かつて彼女が、そして現在アンデション首相が所属する社会民主主義政党は、北欧政治の歴史を中心的に担ってきた政党である。同時に、歴史や伝統が強い分、規模も大きく、結果として内部対立やリーダーの座を狙っての足の引っ張り合いや競争も激しい傾向にある。こうした党内のカルチャーや勢力争いは、女性リーダーの誕生を難しくさせてきた一因だと筆者は考えている。リンド氏やアンデション首相が登場するまで、結党から100年以上待たなければならなかったのだ。
リンド氏が死亡したのは9月11日。奇しくも今回の選挙日と同日の19年前の出来事だった。アンデション首相は選挙日当日、姉妹政党であるノルウェー、フィンランド、デンマーク、スウェーデンの青年部の若者と共に、まず初めにリンド氏のお墓をお参りしている。
市民に聞く「なぜ女性首相がいなかったのか、わからない」
では現地の市民たちは、「なぜ女性首相が誕生してこなかったのか」についてどう考え、「女性首相の誕生、そして彼女の手腕をどう評価している」のだろうか。
50人以上に聞いてみた結果、驚くことに9割を超える人が「なぜ今まで女性首相がいなかったのか。
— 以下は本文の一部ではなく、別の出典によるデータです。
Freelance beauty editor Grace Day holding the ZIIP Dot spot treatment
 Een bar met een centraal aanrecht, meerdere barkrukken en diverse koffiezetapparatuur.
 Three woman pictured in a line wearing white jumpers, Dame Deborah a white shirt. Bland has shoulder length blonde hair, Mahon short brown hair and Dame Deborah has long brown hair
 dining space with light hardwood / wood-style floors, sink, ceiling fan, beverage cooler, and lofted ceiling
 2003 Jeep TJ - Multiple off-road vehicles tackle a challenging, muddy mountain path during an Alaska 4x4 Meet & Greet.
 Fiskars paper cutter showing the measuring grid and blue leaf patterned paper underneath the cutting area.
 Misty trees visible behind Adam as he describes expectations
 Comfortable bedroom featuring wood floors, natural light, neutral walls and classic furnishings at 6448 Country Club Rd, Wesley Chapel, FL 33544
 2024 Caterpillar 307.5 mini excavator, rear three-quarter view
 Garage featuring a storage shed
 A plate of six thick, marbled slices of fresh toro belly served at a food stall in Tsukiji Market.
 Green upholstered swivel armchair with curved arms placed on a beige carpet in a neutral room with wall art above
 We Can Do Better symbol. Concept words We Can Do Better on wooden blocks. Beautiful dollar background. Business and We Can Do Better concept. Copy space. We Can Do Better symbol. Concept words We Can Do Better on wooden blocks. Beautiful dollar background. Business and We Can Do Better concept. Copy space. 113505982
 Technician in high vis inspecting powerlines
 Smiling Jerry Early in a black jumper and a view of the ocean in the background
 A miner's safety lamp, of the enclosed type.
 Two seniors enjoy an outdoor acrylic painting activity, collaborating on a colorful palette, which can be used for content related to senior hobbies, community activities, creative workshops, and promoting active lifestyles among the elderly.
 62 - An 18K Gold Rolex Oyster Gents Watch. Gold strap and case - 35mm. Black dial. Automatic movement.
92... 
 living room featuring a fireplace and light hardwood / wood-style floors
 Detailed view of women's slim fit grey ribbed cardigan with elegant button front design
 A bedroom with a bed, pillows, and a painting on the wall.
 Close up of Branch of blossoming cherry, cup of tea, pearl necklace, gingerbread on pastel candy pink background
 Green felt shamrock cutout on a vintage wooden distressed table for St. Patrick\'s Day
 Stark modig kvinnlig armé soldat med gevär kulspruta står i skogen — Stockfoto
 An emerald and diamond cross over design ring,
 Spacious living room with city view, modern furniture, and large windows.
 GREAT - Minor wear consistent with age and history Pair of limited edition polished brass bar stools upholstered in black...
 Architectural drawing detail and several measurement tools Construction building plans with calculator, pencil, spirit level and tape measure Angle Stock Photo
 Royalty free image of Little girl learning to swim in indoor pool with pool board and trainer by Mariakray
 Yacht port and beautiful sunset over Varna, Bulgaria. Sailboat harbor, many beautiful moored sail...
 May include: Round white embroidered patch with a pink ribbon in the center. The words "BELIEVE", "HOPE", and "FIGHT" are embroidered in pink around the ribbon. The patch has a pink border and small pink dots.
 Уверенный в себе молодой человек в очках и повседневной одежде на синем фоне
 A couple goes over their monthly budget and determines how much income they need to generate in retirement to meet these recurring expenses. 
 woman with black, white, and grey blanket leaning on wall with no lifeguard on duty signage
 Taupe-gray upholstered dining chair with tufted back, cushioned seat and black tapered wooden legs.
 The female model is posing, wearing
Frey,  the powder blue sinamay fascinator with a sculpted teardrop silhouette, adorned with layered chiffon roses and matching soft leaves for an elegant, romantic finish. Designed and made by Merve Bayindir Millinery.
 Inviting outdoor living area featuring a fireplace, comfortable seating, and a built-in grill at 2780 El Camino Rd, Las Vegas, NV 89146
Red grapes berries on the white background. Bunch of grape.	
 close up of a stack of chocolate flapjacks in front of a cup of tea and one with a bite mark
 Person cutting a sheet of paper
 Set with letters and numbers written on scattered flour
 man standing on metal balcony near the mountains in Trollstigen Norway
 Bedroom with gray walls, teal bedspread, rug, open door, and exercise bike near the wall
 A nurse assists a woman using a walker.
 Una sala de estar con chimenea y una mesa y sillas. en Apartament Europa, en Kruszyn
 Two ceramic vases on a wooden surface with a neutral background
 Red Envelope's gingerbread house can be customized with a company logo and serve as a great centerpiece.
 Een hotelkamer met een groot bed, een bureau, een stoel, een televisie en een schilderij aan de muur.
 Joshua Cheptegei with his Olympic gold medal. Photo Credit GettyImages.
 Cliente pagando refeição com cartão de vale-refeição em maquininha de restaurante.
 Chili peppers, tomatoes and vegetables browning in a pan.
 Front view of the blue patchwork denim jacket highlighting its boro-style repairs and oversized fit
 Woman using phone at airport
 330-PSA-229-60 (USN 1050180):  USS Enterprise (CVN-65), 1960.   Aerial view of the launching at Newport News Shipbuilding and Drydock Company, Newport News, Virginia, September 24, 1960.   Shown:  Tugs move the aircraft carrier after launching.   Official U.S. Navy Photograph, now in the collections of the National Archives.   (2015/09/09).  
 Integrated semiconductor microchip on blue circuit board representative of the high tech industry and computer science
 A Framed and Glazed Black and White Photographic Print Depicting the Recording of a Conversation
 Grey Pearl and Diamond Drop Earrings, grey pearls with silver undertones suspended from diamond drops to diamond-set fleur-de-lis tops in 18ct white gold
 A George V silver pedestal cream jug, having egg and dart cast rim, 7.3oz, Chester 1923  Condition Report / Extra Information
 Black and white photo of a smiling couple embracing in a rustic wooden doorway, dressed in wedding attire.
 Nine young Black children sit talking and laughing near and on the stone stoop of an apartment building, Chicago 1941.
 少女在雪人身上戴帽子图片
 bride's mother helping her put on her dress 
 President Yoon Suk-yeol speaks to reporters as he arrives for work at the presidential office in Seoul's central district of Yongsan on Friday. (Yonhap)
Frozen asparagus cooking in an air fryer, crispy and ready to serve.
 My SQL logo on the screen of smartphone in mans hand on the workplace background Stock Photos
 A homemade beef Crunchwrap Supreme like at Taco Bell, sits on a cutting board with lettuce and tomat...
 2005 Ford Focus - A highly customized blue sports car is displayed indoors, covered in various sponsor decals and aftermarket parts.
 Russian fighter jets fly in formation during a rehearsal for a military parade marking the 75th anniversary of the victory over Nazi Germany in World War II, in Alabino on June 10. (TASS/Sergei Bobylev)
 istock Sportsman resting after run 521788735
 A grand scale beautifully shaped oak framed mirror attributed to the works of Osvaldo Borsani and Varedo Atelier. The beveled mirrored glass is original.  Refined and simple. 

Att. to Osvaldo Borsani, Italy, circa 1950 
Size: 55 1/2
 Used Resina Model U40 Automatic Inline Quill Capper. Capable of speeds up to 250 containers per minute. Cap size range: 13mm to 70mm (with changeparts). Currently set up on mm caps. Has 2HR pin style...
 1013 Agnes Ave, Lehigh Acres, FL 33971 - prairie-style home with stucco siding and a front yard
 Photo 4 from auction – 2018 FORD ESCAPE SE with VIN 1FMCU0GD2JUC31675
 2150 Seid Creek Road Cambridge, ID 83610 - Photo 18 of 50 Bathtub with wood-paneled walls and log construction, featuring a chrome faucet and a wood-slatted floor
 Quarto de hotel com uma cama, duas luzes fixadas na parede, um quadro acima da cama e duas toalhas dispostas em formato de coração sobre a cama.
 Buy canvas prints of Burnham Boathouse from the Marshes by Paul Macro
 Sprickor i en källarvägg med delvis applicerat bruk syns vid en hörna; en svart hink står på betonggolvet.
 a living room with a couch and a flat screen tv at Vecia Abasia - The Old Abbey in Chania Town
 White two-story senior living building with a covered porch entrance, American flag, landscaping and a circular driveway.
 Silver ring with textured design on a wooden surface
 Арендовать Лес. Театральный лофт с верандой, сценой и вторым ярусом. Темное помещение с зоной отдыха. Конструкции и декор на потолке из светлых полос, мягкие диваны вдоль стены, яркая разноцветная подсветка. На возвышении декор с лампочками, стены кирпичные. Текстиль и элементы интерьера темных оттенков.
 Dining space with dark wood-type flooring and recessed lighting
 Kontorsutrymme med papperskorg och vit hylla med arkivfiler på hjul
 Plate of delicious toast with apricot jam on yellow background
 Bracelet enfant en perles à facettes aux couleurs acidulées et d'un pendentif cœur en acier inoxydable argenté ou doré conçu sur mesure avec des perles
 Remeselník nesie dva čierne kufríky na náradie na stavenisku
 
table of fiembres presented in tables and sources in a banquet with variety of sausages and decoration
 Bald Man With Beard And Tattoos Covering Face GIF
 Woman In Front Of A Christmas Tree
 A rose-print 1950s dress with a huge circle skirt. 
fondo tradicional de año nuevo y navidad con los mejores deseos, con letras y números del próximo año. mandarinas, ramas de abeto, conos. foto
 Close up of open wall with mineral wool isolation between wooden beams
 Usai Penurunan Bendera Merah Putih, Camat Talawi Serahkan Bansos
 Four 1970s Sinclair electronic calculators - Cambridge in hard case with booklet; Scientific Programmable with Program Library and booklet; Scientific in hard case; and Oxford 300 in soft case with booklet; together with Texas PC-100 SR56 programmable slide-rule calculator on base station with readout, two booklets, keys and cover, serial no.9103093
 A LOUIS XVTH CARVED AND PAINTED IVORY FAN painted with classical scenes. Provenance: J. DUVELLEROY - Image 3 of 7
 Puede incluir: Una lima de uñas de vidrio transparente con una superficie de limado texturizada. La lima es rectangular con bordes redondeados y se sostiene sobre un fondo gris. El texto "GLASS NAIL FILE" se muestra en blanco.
なんでだろう、わからない」と答えた。一方で、首相の政治色に関係なく、「女性首相が誕生してよかった、もうそういう頃合いだった」というのが共通する空気でもあった。
投票日前日、アンデション首相が最後の演説場所として選んだのは、首都の郊外にある小さな駅前だった。党支持者が圧倒的に多い地域で、駅周辺には小さな飲食店しかない。現場には地元の市民が1時間前から次々と集まり始め、賑わっていた。
ソフィアさんはアンデション首相の名前「マグダ」が書かれたキャップ帽子をかぶって、娘と一緒に応援に来ていた。
女性首相についてソフィアさんは「マグダレナ(=アンデション)首相のことが大好き。首相が女性であることで、国はいい方向に変わっていると思います。娘が女性首相のロールモデルを見て育つことができるのは大きな意味を持ちます。『あなたはなりたいものになれるのよ』というメッセージを送ることにもなります」と話す。
スウェーデンに多くの女性議員がいることがあなたの日常に影響を与えていると思うか、という問いかけにも、「そう感じます。フェミニスト政策も増えるし、女の子たちも政界で女性が代表者となることができるのだと見ることができますから」と答えてくれた。
中学生の4人はほぼ全ての政党スタンドを訪問して、党員にフェミニズム政策と妊娠中絶政策について質問していた。
ノヴァさん「初の女性首相が誕生して、すごく嬉しいです。女の子たちにも『なりたいものに、なれるんだよ』っていうメッセージを送るから」
アイリスさん「もっと早く誕生してほしかったね」
エヴァさん「女性議員がたくさんいたほうが、投票しようと思う機会も増えるし」
「女性議員が多いと、意識したことがなかった」
投票直後のキャロラインさんは、女性議員が多い国に住んでいることが、自分の生活にどう影響を与えているかと聞かれて考え込んでいた。
「女性議員が多いこと自体、気にしたことがありませんでした。それ自体がもう典型的なスウェーデンなのかもしれませんね。高齢の男性議員ばかりの議会だったら、違う社会になっていたかもしれない。初の女性首相誕生は社会を奮起させる出来事で、もうそういうタイミングだったとも感じています」
トップの女性議員が増えることで社会は変わるか
今回は国政選挙とあわせ、統一地方選挙も同時開催された。首都ストックホルムの議員・元市長でもあり、市長候補として改めて立候補していたカーリン・ヴァンゴールさん(社会民主党)に話を聞いた。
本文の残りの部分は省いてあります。